Devam zorunluluğu

Hayır, bir yerden azaltmaya başlamak, çoktan aza yaklaşmak varken daha fazla saymaya mecâlimiz kalmamalı! Kaybedilmiş odağı kazanmanın tek yolu, kendimizi kendimizden, bizi bizden kaçırmaya devam edecek şeylerden uzaklaşmak…

HEPİMİZ, birbirimize bağlılığımızın bir gereği olarak birbirimiz ile olan bağımızı devam ettiriyoruz.

Geldiğimiz noktada, hele bu devirde öteye geçmek, bağı güçlendirmek de neyin nesi?
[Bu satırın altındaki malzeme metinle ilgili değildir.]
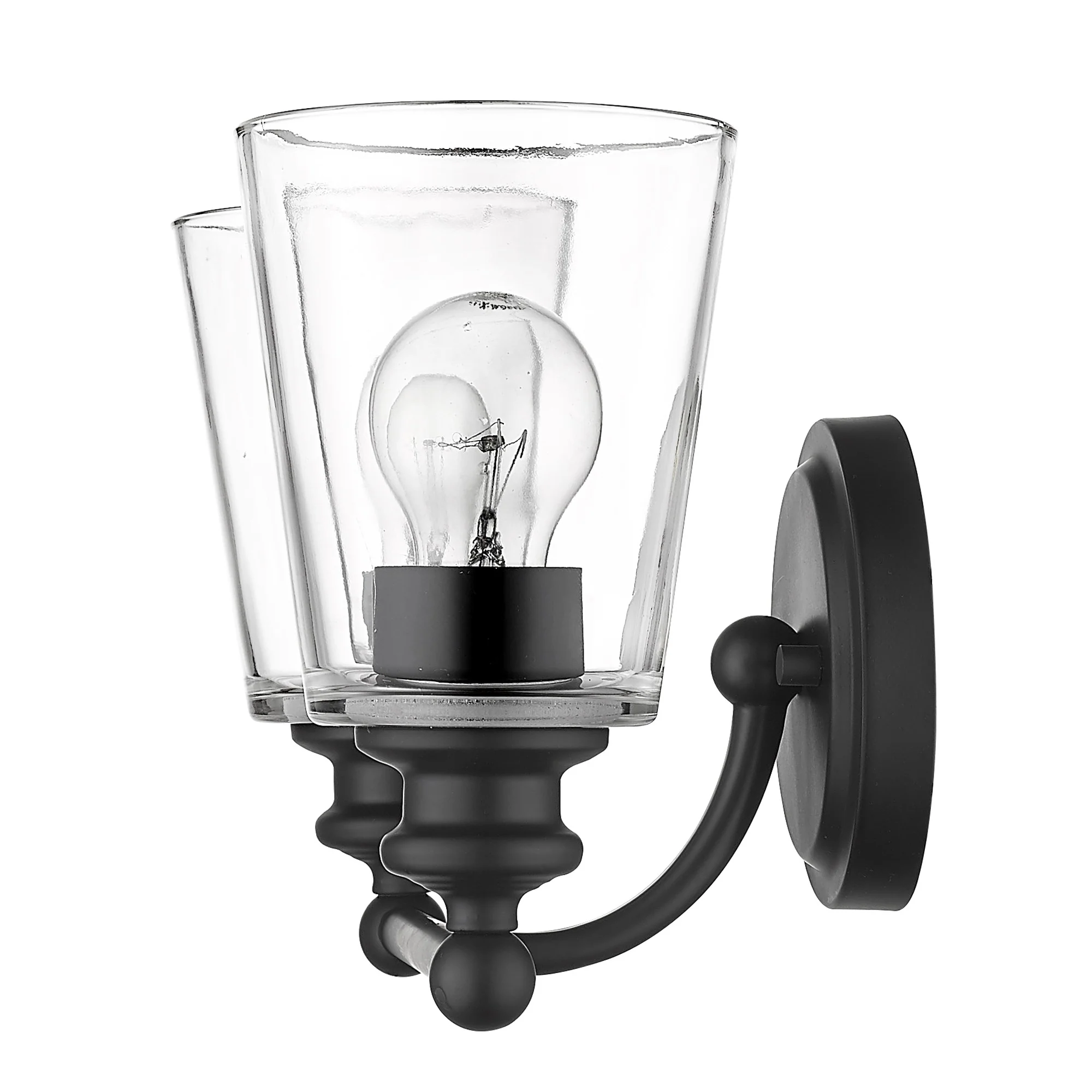 Two Light Matte Black Glass Shade Wall Sconce By Homeroots - Image 5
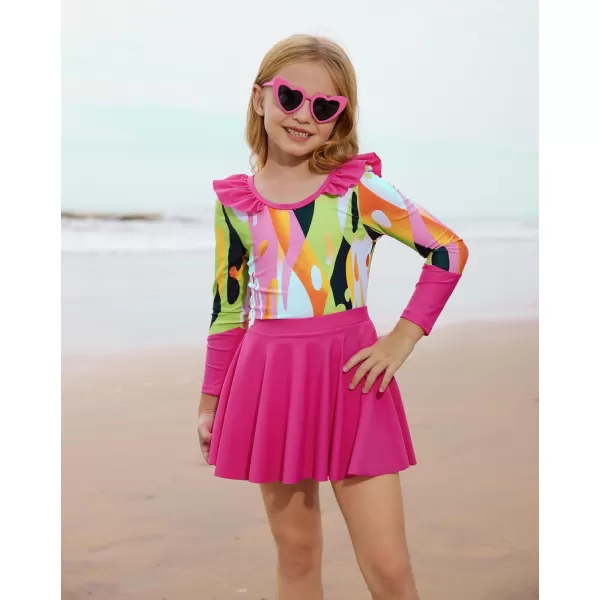 GRACE KARIN Girl Rash Guard Swimsuit Long Sleeve 2Piece Swimwear Set 512 YearsRose Red Color Blocks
Allah bugünlerimizi aratmasın! (Âmin.)

Susalım, şimdi işimize bakalım! Sonra daha güzelini düşünürüz…

Herkesin kendine göre bir yoğunluğu var hem, kimseyi rahatsız etmeyelim. (Aslında “kendimizi” demek istiyor ama gel ki diyemiyor.)

Devam ediyoruz ve “Devam!” diyoruz, bu doğru. Zira devam, ifade bakımından her şeyi güçlü kılıp ayakta tutuyor.

Zira devam varsa süreklilik var. Daha ne olsun? Herkes işinde gücünde… İyi de azizim, hayat bunun neresinde, biz bunun neresinde?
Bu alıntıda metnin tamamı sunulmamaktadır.